Diese Beispiele zeigen, dass die Gedanken der Studierenden in viele verschiedene Richtungen gehen, die alle mit dem Thema der Lernwerkstatt „Araber und Orient in Hollywood“ zu tun haben, sich aber auch in wissenschaftlich-kritischer Weise darüber hinwegbewegen und zu übergreifenden Themen wie Filme als Medium für die Kommunikation von Ideologien, Traditionen, Mythologien, politischer Agenda usw. gelangen.

Für die dritte und letzte Sitzung im Rahmen der Beschäftigung mit Fallskizze 1 haben die Studierenden sodann die Aufgabe, die Ergebnisse ihrer Gruppen- und Einzelarbeit abschließend zu präsentieren:

Präsentation erstellt mit Pitch

Ich bin gespannt, in welcher Form die Studierende ihre Ergebnisse präsentieren werden.

Anschließend wird es in der kommenden Sitzung die Möglichkeit geben, dass die Studierenden die Arbeit an Fallskizze 1 für sich evaluieren; außerdem werde ich eine anonyme Umfrage erstellen, in der die Studierenden mir gegenüber noch einmal Rückmeldung zum problembasierten Lernen geben können.

Gedanken zur zweiten PBL-Sitzung und zu den bisherigen Ergebnissen

Dadurch, dass sowohl ich meine als auch die Studierenden ihre Arbeit an Fallskizze 1 in Blackboard in Wikis dokumentieren, ist die Entwicklung des Lernens und die Wissensaneignung gut nachzuvollziehen. Ich denke, dass es auch für die Studierenden in EinS@FU ungewohnt ist, sich das Lernen derart bewusst zu machen und sogar schriftlich festzuhalten. Bestenfalls führt eine solche Dokumentation natürlich zum Reflektieren über die eigenen Lernprozesse.

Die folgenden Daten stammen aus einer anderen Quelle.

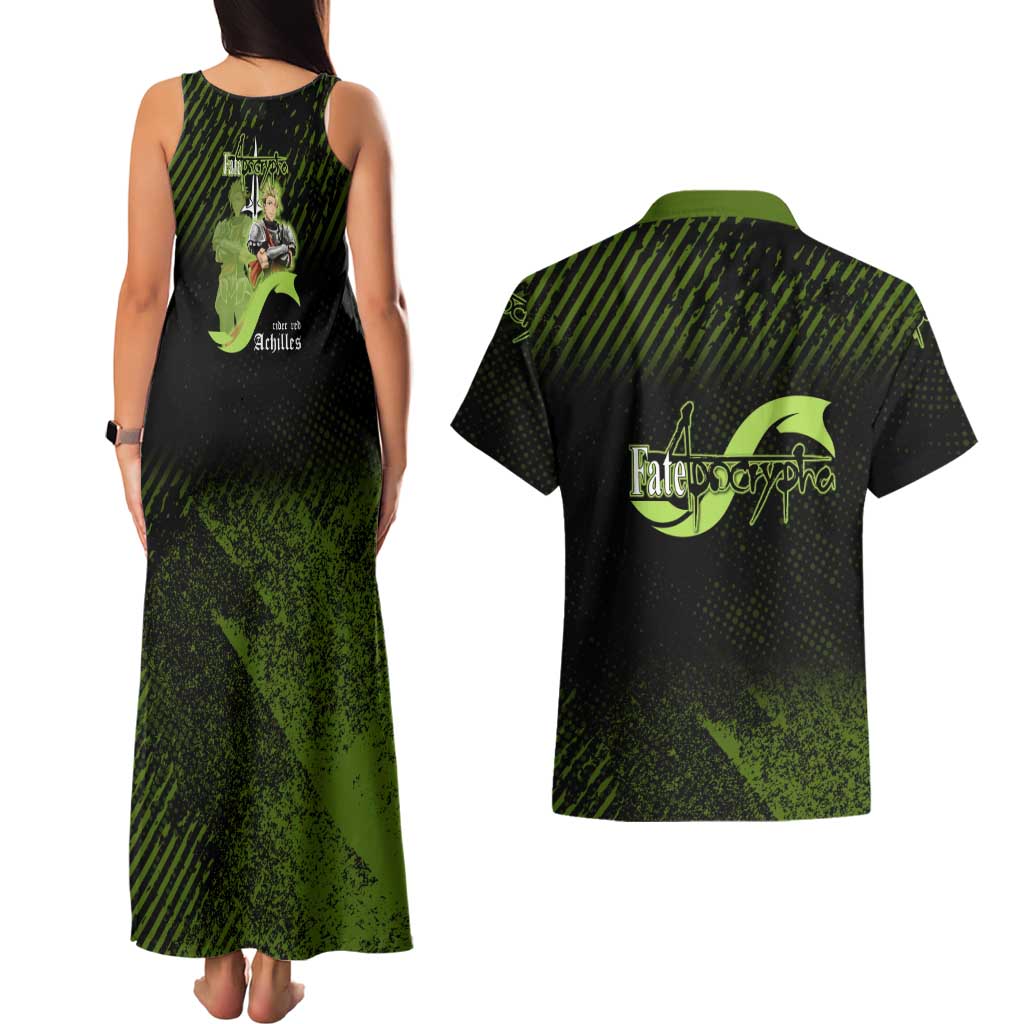 Achilles Fate Apocrypha Theme Couples Matching Tank Maxi Dress and Hawaiian Shirt with Spear Pose and Green Black Grunge Graphic Design - The Mazicc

Die Hypothesen und Lernfragen zeigen für mich aber auch, dass die Methode des problembasierten Lernens trotz aller Unsicherheiten sowohl auf meiner Seite als auch auf Seiten der Studierenden inspirierend und aktivierend wirkt. Die Studierenden sind durch die Beschäftigung mit Einzelbegriffen und selbst aufgestellten Thesen sowie durch die Recherche für eigene Lernfragen und Wissenslücken selbstständig zu denjenigen Punkten gekommen, die ich als Qualifikationsziele für die Lernwerkstatt formuliert hatte:

  • Die Studierenden erkennen ‚Film‘ (gemeint sind auch Serien, ggf. Musikvideos und Videogames) nicht nur als Quelle der Geschichts- und Kulturwissenschaften sondern allgemein als Form des kulturellen Diskurses;
  • sie kennen Analysekategorien und Begrifflichkeiten, um die Repräsentation von ‚Arabern‘, ‚Arabisch‘ und dem ‚Orient‘ in Filmen und Serien zu beschreiben und zu diskutieren und können geeignete Ressourcen ermitteln;
  • sie können reflektieren, was in Filmen und Serien repräsentiert wird und was abwesend bleibt;
  • sie können Filme und Serien als Medium für die Kommunikation von Ideologien, Traditionen, Mythologien, politischer Agenda, usw. analysieren;
  • sie haben ein Verständnis dafür, wie Filme und Serien auf Emotionen wirken, Interesse hervorrufen, belehren, Vorstellungen in Frage stellen usw.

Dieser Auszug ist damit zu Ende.